Environmentally relevant concentrations of individual per- and polyfluoroalkyl substances (PFAS) and a PFAS mixture impact proliferation, migration, and gene transcription in a human myometrial cell line.

Per- and polyfluoroalkyl substances (PFAS) are persistent environmental contaminants linked to adverse health effects. Epidemiological studies have linked PFAS with an increased risk of uterine diseases including fibroids however, the mechanisms involved remain to be elucidated. This study examined the impact of individual PFAS, such as legacy compounds [perfluorooctanoic acid (PFOA), perfluorooctanesulfonic acid (PFOS)] and alternative short-chain compounds [GENX/HFPO-DA and perfluorobutanesulfonic acid (PFBS)], along with a PFAS mixture, on the function and transcriptome of immortalized human myometrial cells (UT-TERT). Exposure to these PFAS resulted in increased cell viability and proliferation. Flow cytometry showed that PFOS and the PFAS mixture altered cell cycle progression, while migration assays indicated significant enhancement of cell migration following PFOS and mixture exposure. Moreover, PFOA, PFBS, and the PFAS mixture impaired gap junction intercellular communication (GJIC), suggesting possible disruptions in cellular communication in the uterine environment.

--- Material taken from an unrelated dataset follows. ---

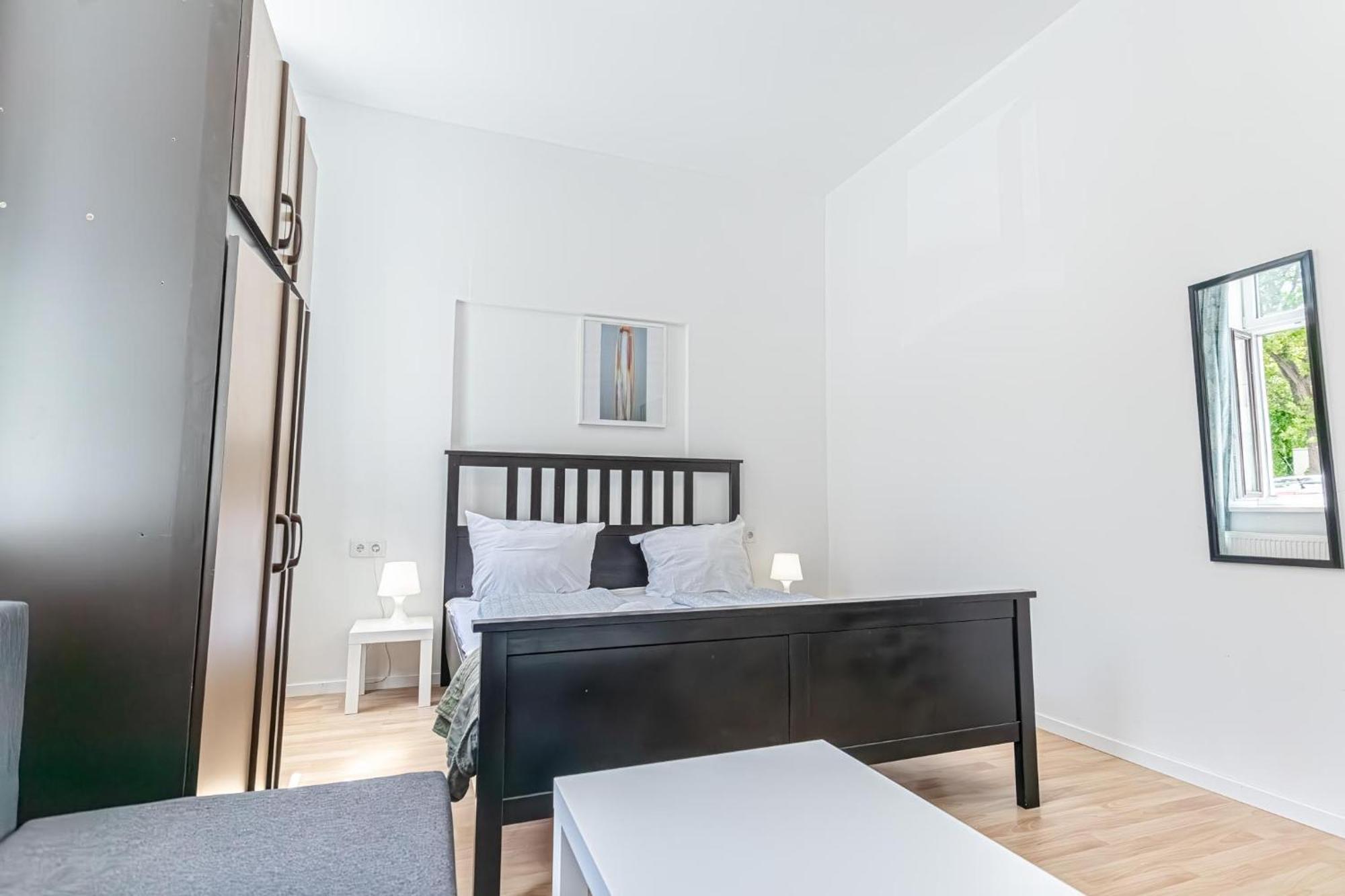 Loevly Shared 6Br With Garden Near Danube & Millenium City Bécs Kültér fotó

Transcriptomic analysis identified extensive changes in gene expression after exposure to environmentally relevant PFAS levels, revealing common molecular pathways involved in cell signaling, lipid metabolism, and cell survival. These findings provide crucial insights into how PFAS may contribute to reproductive health risks, warranting further investigation into the long-term effects of PFAS on uterine function and overall reproductive health.